In an office in Japan’s Radio Tokyo building last week, the U.S. Army set up a new bureau to deal with military security. Its name: Press Advisory Division. Its function: to censor all military dispatches and photos from the war area. General MacArthur’s headquarters, which has been reluctant to establish censorship, still insisted it had not done so; it had merely established an “advance security check.” But all correspondents were ordered to submit dispatches to the bureau before sending them. Since the Army does not control outgoing radio and cable channels, it is still possible for correspondents to send dispatches that the censors have not seen. But anyone who does so runs the chance of being ordered from the theater by MacArthur. For all practical purposes, full censorship of military news is in force.
Most of the correspondents thought that censorship was long past due. Under the vague and sometimes conflicting directives of “voluntary censorship,” correspondents were saddled with the responsibility of deciding security problems for themselves. As a result, they were often in hot water (TIME, July 24 et seq.). At other times, correspondents in Korea sat on good stories, for fear of breaking security, only to find that the same stories had been released in Tokyo or Washington and that they had been scooped.
The Seventh Paragraph. MacArthur’s decision to crack down stemmed from the coverage of the Hungnam evacuation. Three weeks ago, while U.S. marines and G.I.s were still clawing their way back to the escape port, a Reuters dispatch from Tokyo briefly mentioned the preparations for an evacuation, a fact all Tokyo correspondents knew but had not filed, for security reasons. The evacuation news, which had been buried in the seventh paragraph of the Reuters story, was rewritten into the lead in London and splashed across the front page by the Chicago Tribune and other papers. When the New York offices of Associated Press, United Press and International News Service asked their Tokyo bureaus for the story, detailed reports of the evacuation were promptly filed.

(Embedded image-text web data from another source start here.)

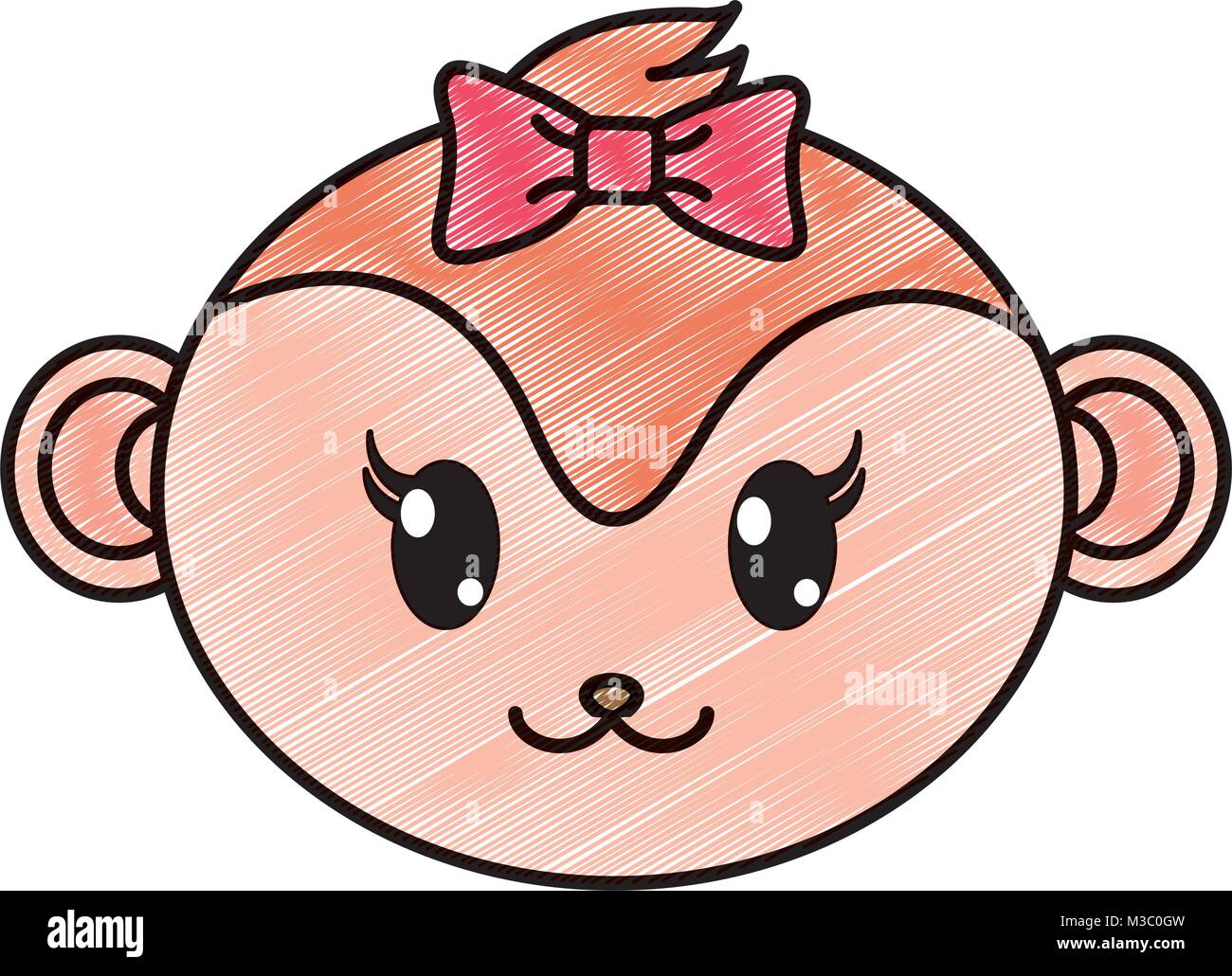 grated female monkey head cute animal Stock Vector Image & Art - Alamy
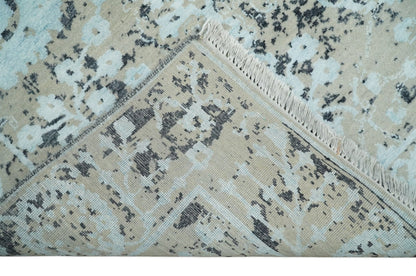 4x6 Fine Hand Knotted Aqua, Beige and Black Traditional Vintage Persian Style Antique Wool and Bamboo Silk Rug | AGR10 - Nuvé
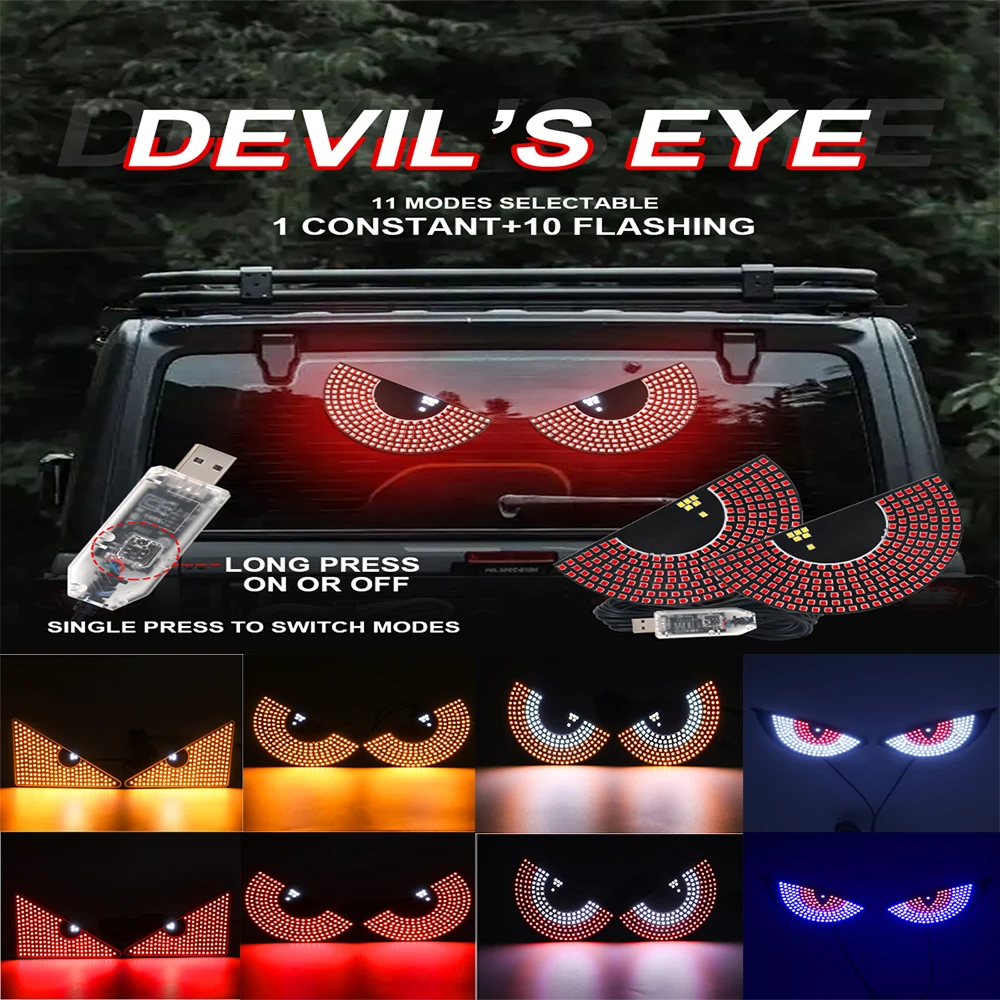 2 Pcs Car expression lights For Car Windshield lights Car LED Devil's Eye USB Lights Car Mounted Decorative Lamps Car Lights
2 Pcs Car expression lights For Car Windshield lights Car LED Devil's Eye USB Lights Car Mounted Decorative Lamps Car Lights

MacArthur’s acting chief of staff for military operations, Major General Doyle O. Hickey, called in the bureau chiefs for a powwow. A precise, genial artilleryman, Hickey asked the newsmen for their ideas on what should be done. At the suggestion of the A.P.’s Russell Brines, the Army set up the Press Advisory Division, a staff of officers who could be consulted on security matters but who had no censorship powers.
Jet Action. Hopped-up accounts of the Hungnam fighting kept going out. The U.P. sent out a breathless story of the “crucial final stage” that had the U.S. 3rd Division fighting “with its back to the sea to hold open the escape port of Hungnam against Communist ‘banzai’ attacks.” Actually, MacArthur’s headquarters insisted, U.S. forces were engaged in an orderly withdrawal at small cost.
In the first few days under censorship, the blue pencils were light and copy flowed along smoothly. But at week’s end the honeymoon ended. Eighth Army Headquarters in Korea ordered NBC’s Kenneth Kantor and U.P.’s Peter Webb confined to quarters for a “gross security violation” in disclosing prematurely the death of Lieut. General Walton Walker in a jeep accident (see WAR IN ASIA). Full field censorship was ordered for all press copy, and telephones used by newsmen covering Eighth Army Headquarters were removed.